* Work required
Restate the data below word for word. Leave the images out.

* Data shown
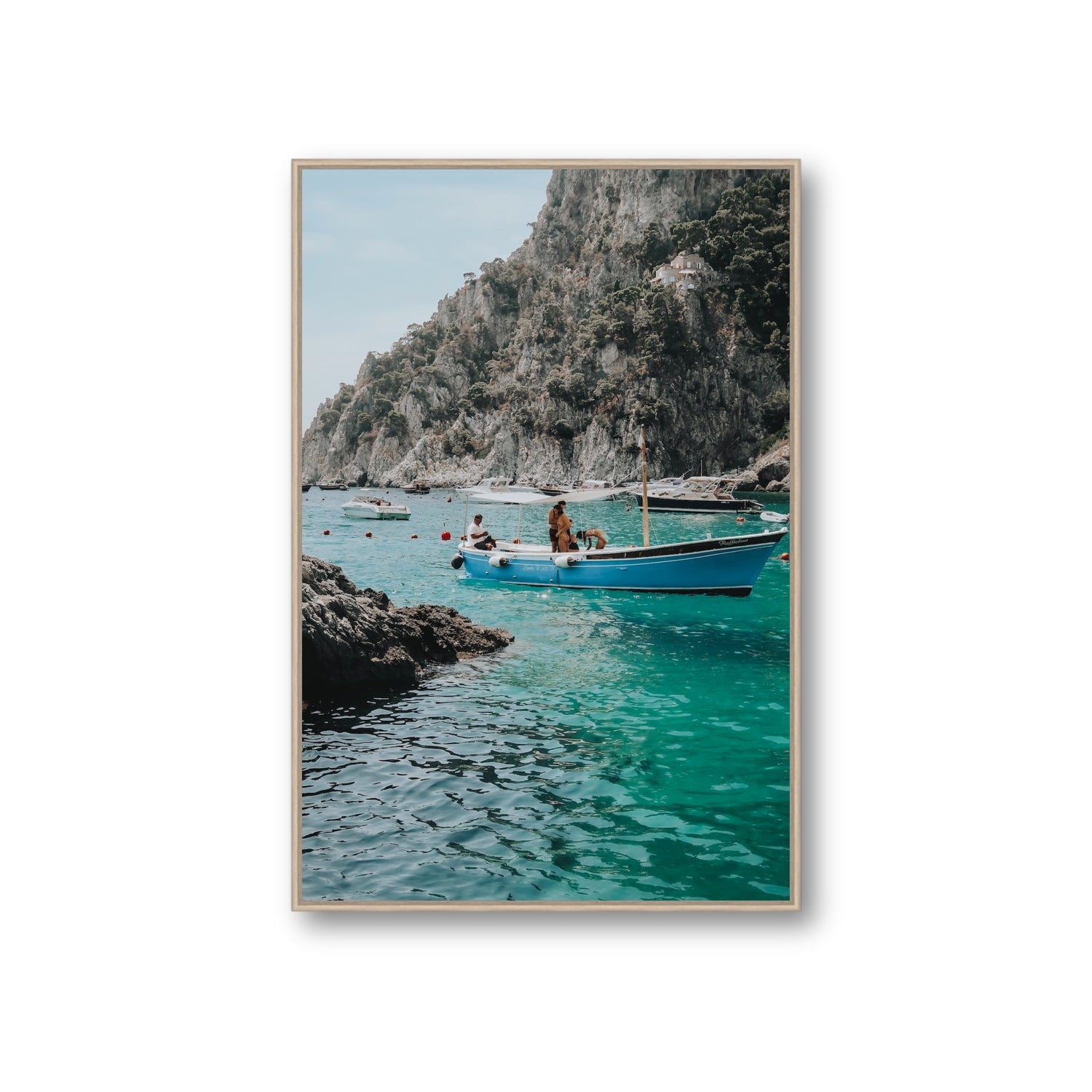 Emerald Escape fine art print, Capri, Italy, Giant, Natural Oak Float Frame, Fine Art Canvas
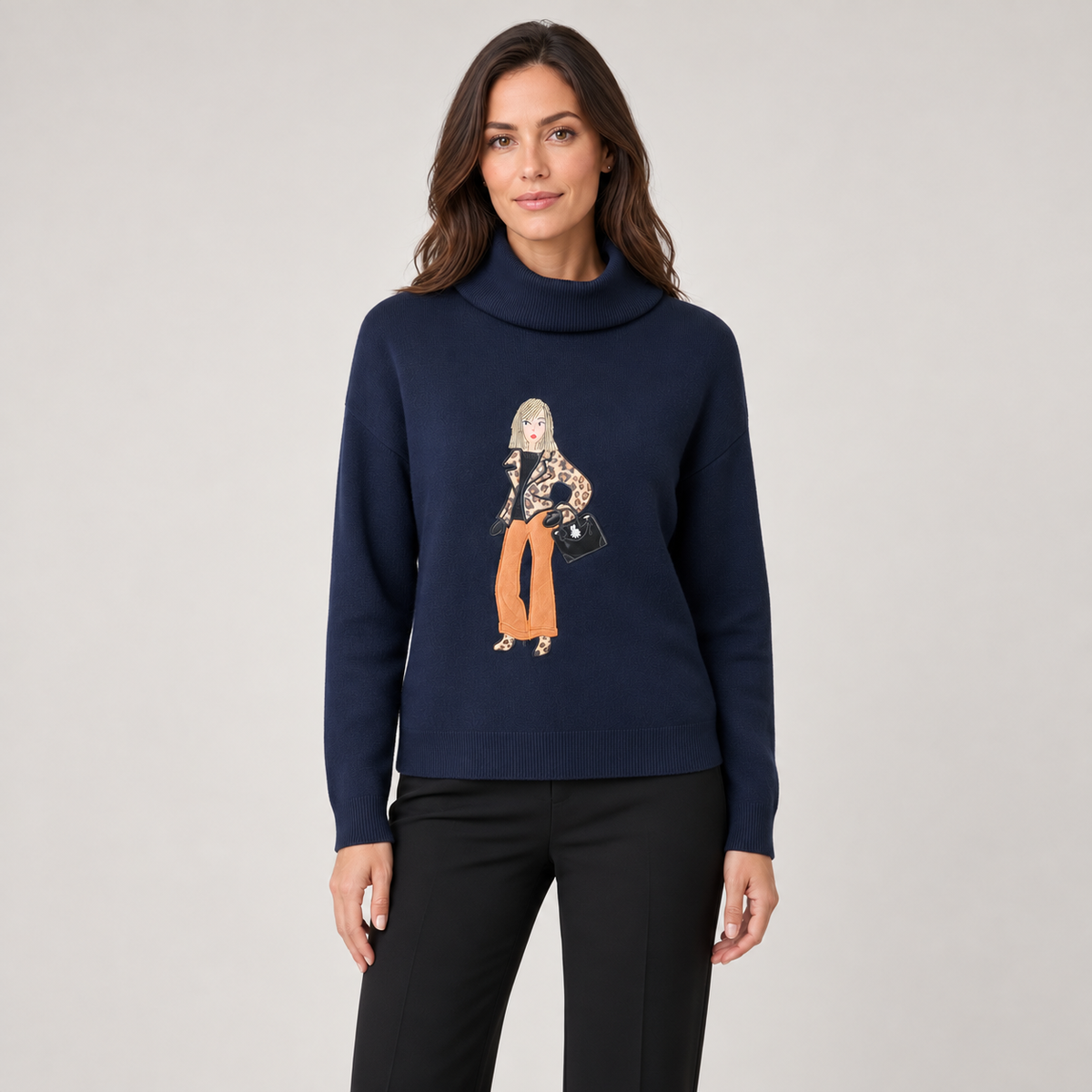 Spanner "Leopard Coat" Long Sleeve T-Shirt, front view on model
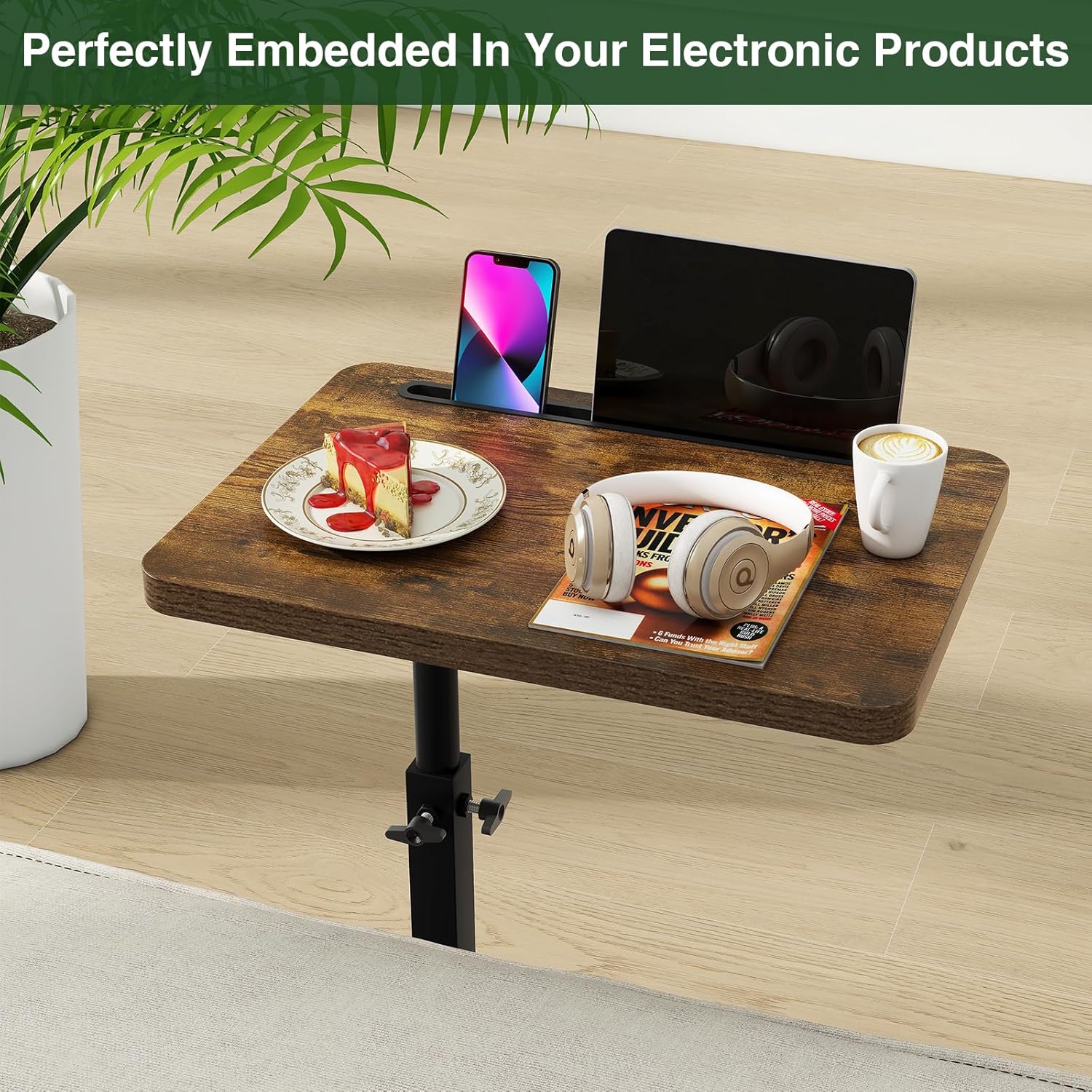 IBUYKE C Shaped Side Table, 360° Swivel Height Adjustable End Table for Small Spaces, with Phone & Tablet Slot, Modern Small Coffee Snack Table for Sofa/Bed, Retro Brown UTVT003H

* Response area
 Emerald Escape fine art print, Capri, Italy, Giant, Natural Oak Float Frame, Fine Art Canvas
 Spanner "Leopard Coat" Long Sleeve T-Shirt, front view on model
 IBUYKE C Shaped Side Table, 360° Swivel Height Adjustable End Table for Small Spaces, with Phone & Tablet Slot, Modern Small Coffee Snack Table for Sofa/Bed, Retro Brown UTVT003H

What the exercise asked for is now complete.